Check the logs on the ESXi host for error messages relating to the disk, or disks, triggering the alerts.
Some examples that indicate a potential hardware failure:
/var/run/log/vmkernel.log:
In(182) vmkernel: cpu56:2098250)ScsiDeviceIO: 4686: Cmd(0x45bcd3e1c400) 0x28, CmdSN 0x41bc from world 0 to dev "naa.XXXXXXXXXXXXXXXX" failed H:0x7 D:0x0 P:0x0
/var/run/log/hostd.log:
In(166) Hostd[2107064]: [Originator@6876 sub=Vimsvc.ha-eventmgr] Event 108173 : Device naa.XXXXXXXXXXXXXXXX has been removed or is permanently inaccessible.

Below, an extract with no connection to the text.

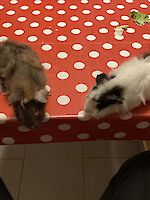 2 Meerschweinchen, zehn Monate alt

Affected datastores (if any): Unknown.
/var/run/log/vmkwarning.log:
Wa(180) vmkwarning: cpu10:2097936)WARNING: HPP: HppDeviceUpdateState:5242: Device 'naa.XXXXXXXXXXXXXXXX' is changing to 'permanent device loss' from 'on'.
If any messages similar to the above are seen, schedule a cold reboot of the ESXi host.
1. Put the ESXi host into Maintenance Mode with the Ensure Accessibility option before reboot.
2. When the ESXi host is in Maintenance Mode, power it down completely.
3. Wait for five minutes.
4. Power the ESXi host back on.
The cold reboot will force the physical disks to be reinitialized. If there is a hardware fail on a disk, this will be picked up here, and the hardware management tool will flag the disk(s) as failed.
- Replacement of the failed disk(s) will then need to be scheduled.
If the disks all initialize successfully, check the Skyline health view after the ESXi host is back up to confirm the disk is no longer flagging as a failure.